しかしいま、
──しかしいま、物質的に一応満たされて平和が続く日本において、大きい才能が育つことは困難だという見方もあります。また、若い小説家が二十世紀の作家たちの生きた時代、歴史をどこまで継承しているのか──
大江健三郎は、2006年10月のフランクフルトのブックフェアで行われた講演で、かなり強く示したという。
──文学ジャーナリズムが力を注いでいるのは「年少の口語的なスタイルの持主を発掘すること」── だと危惧し批判しながら……
さらに彼は言葉を続けた。
──この1年、若い作家たちの小説をたくさ読んで、はじめて日本語の文体が地すべり的に変わっていること……それは、明治の言文一致体の出現以来の大変化じゃないでしょうか……
どこまで柔らかくなるのかしれない、ブログの時代の「口語体文学」については、懸念があります。
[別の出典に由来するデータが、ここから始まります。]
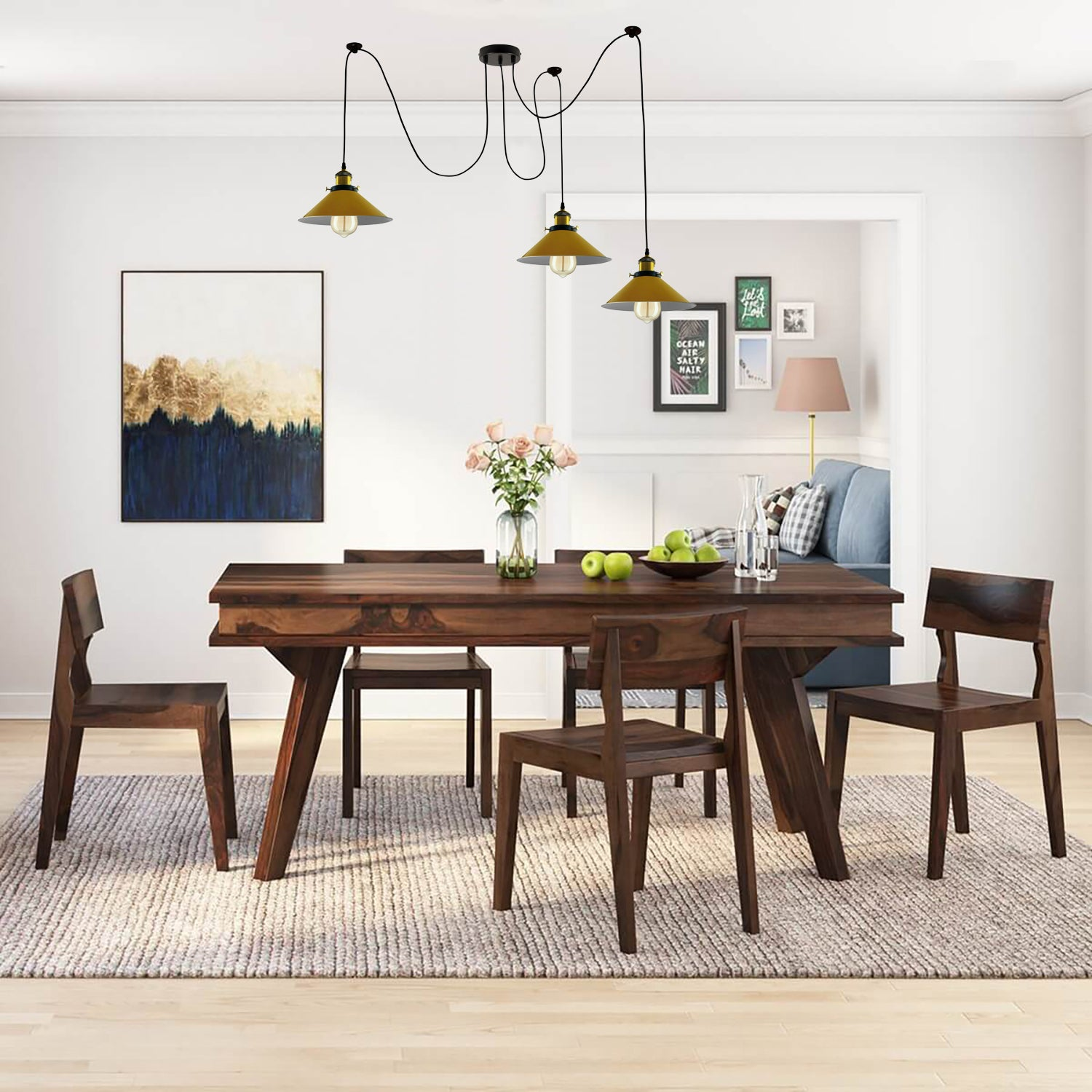 Modern large spider Braided Pendant lamp 3heads Clusters of Hanging Yellow Cone Shades Ceiling Lamp Lighting~3433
すでに新聞の文章ですら「難しい」と言われるほど、文章の軽薄短小化、プラス軟化が進んでいるのですから。
文学に限らず芸術とは、けっして恵まれた環境ではなく、踏みつけられ狂わんばかりの心の奥から紡ぎ出されたものこそが、ホンモノへと昇華していくのではないか。大江健三郎はそのことを理解していたこそ、平和が続く日本において、大きい才能が育つことは困難だと語ったのだろう。二十世紀の作家たちが生きた時代、歴史を学び継承する志しをもつことも重要なのだ。
今夜も日本酒を飲みながら、オレにお尻を向けて寝息をたてている愛犬シーズーのシーの頭をそっと撫でた。
puro e disposto a salire a le stelle.